__YOUR INSTRUCTIONS__
Exactly the lines below starting at the line with "Welcome. This is" and ending at the line with "Thank you very" are wanted, with both ends included. Leave out the pictures and add no other lines.

__DATA SHOWN__
+++
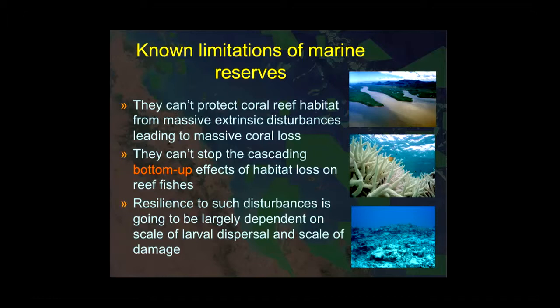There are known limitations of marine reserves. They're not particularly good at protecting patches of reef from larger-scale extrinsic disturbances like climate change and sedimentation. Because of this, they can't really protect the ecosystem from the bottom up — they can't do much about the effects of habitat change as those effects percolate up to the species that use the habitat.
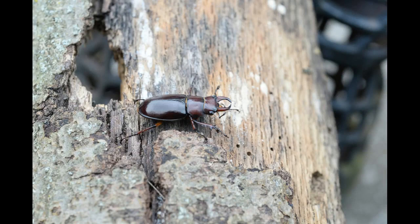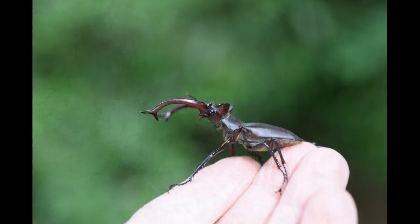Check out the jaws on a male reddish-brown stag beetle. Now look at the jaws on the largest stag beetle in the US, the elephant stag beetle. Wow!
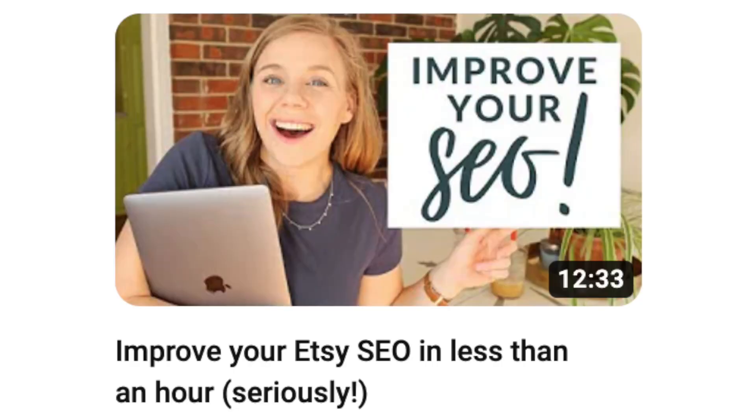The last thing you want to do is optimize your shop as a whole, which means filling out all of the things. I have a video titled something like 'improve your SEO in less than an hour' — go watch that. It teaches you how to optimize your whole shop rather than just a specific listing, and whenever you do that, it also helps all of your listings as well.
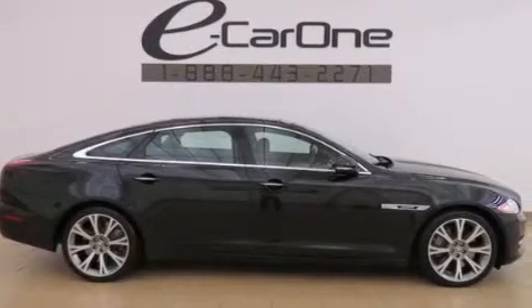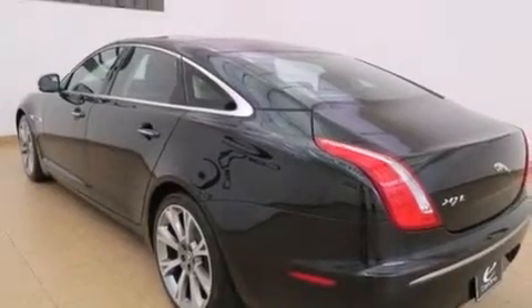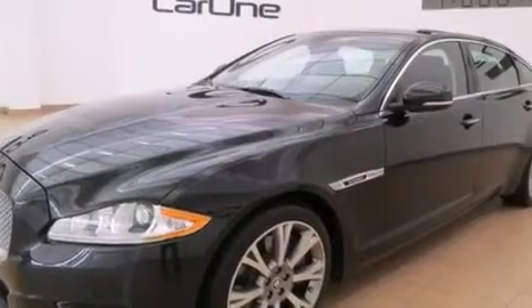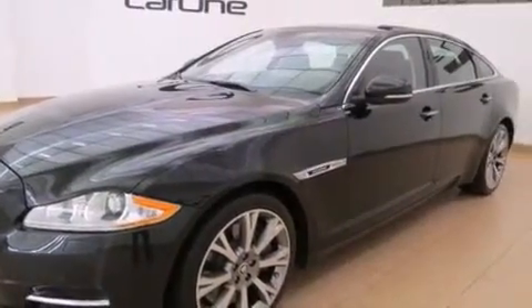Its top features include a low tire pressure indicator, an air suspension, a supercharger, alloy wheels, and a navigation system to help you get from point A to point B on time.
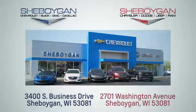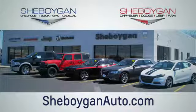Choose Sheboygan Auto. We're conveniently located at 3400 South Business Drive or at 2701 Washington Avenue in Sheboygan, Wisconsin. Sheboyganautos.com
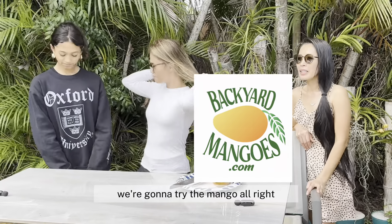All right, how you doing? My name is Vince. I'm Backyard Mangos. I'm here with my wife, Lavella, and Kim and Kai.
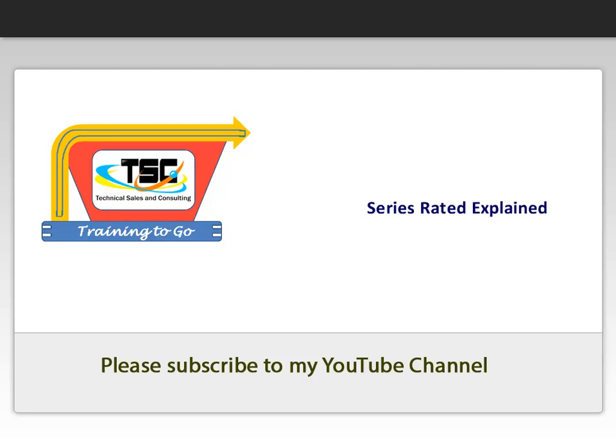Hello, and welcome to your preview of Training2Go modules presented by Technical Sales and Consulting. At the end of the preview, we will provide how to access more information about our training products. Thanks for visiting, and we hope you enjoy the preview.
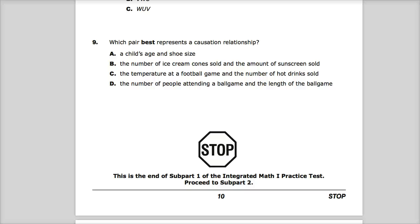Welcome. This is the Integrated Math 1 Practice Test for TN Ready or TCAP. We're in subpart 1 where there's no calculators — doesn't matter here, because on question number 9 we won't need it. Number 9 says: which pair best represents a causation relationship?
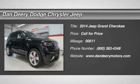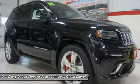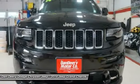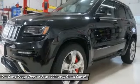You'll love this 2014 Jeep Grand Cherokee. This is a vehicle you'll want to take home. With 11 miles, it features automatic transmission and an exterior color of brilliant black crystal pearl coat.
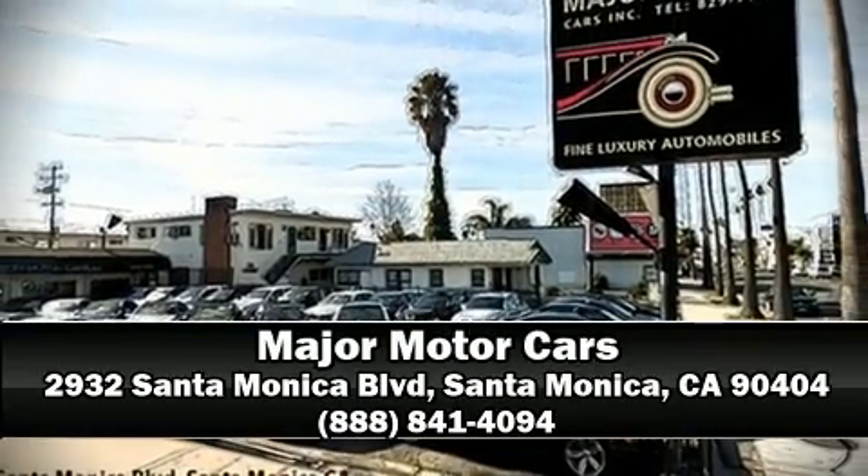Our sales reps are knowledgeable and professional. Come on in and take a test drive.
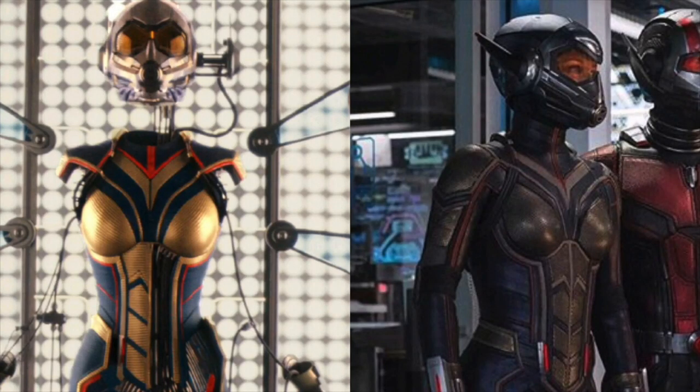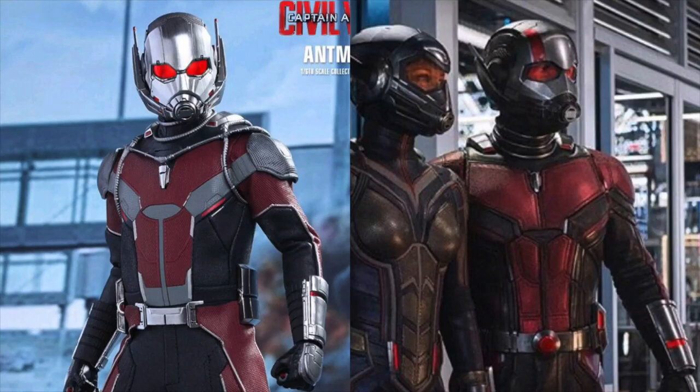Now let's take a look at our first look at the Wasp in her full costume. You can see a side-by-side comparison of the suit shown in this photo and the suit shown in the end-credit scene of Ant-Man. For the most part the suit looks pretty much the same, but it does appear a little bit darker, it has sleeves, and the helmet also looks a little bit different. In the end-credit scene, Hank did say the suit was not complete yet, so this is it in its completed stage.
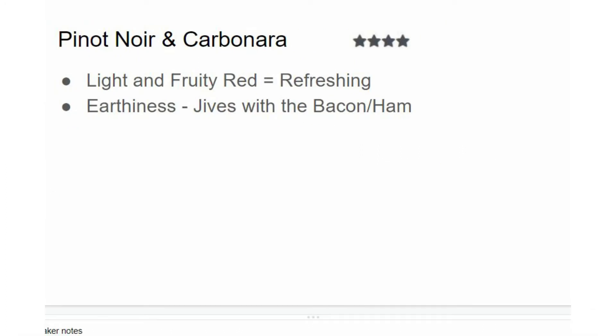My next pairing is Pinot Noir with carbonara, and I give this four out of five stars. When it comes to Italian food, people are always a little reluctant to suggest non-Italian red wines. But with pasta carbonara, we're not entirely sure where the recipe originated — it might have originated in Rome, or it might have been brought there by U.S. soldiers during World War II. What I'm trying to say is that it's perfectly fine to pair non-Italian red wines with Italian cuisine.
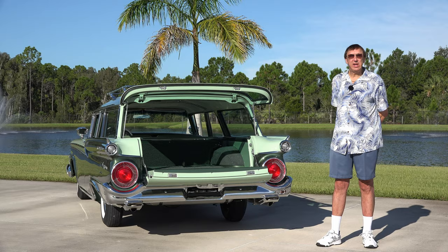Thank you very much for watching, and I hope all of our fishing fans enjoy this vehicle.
+++
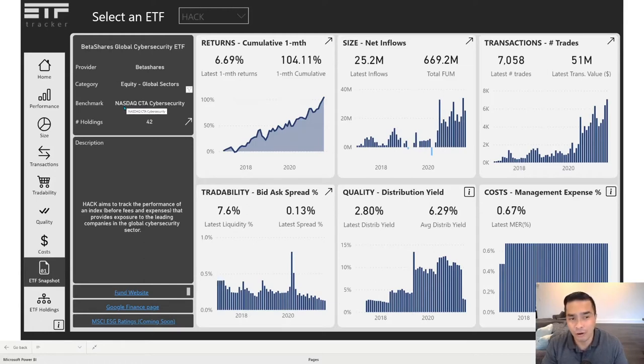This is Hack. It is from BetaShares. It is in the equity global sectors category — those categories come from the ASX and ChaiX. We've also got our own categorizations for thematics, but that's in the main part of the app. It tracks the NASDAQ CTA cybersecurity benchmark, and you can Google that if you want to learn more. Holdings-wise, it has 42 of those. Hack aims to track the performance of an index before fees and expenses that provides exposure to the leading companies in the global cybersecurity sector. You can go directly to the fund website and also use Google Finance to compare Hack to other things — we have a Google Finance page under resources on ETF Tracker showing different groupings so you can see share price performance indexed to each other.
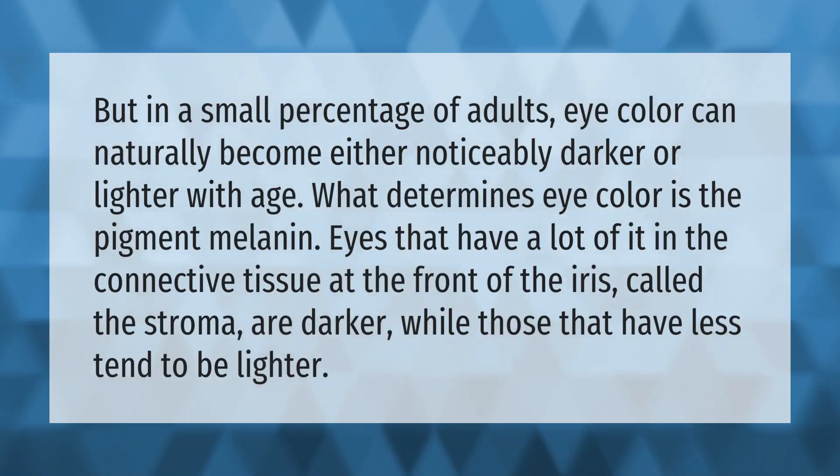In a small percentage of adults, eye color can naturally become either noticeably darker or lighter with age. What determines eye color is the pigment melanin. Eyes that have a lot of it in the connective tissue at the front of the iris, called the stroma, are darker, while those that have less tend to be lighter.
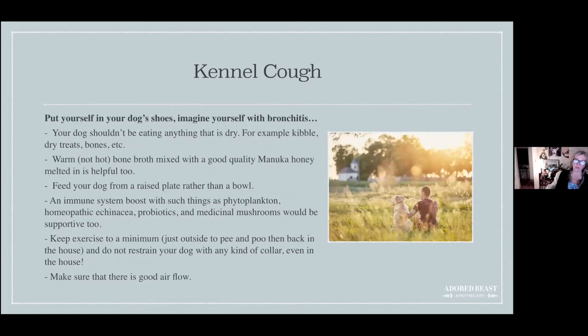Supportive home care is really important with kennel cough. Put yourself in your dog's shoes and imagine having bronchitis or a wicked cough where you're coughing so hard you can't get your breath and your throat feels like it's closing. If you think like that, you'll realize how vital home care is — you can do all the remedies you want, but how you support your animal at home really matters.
+++
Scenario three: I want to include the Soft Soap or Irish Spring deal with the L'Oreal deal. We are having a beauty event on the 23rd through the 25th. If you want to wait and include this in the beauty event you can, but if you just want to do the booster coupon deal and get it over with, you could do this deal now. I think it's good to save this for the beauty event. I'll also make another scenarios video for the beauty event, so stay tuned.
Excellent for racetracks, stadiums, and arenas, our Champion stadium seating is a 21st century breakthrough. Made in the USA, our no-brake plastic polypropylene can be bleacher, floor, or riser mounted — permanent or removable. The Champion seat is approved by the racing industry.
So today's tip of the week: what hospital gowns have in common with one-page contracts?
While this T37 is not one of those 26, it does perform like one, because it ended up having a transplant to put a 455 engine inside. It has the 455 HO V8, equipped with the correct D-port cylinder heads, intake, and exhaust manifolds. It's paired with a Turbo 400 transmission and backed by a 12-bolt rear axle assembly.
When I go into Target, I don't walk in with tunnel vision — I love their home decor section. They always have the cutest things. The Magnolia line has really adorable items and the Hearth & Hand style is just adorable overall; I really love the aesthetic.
+++
__YOUR SOLUTION__
Welcome. This is the Integrated Math 1 Practice Test for TN Ready or TCAP. We're in subpart 1 where there's no calculators — doesn't matter here, because on question number 9 we won't need it. Number 9 says: which pair best represents a causation relationship?
You'll love this 2014 Jeep Grand Cherokee. This is a vehicle you'll want to take home. With 11 miles, it features automatic transmission and an exterior color of brilliant black crystal pearl coat.
Our sales reps are knowledgeable and professional. Come on in and take a test drive.
Now let's take a look at our first look at the Wasp in her full costume. You can see a side-by-side comparison of the suit shown in this photo and the suit shown in the end-credit scene of Ant-Man. For the most part the suit looks pretty much the same, but it does appear a little bit darker, it has sleeves, and the helmet also looks a little bit different. In the end-credit scene, Hank did say the suit was not complete yet, so this is it in its completed stage.
My next pairing is Pinot Noir with carbonara, and I give this four out of five stars. When it comes to Italian food, people are always a little reluctant to suggest non-Italian red wines. But with pasta carbonara, we're not entirely sure where the recipe originated — it might have originated in Rome, or it might have been brought there by U.S. soldiers during World War II. What I'm trying to say is that it's perfectly fine to pair non-Italian red wines with Italian cuisine.
Thank you very much for watching, and I hope all of our fishing fans enjoy this vehicle.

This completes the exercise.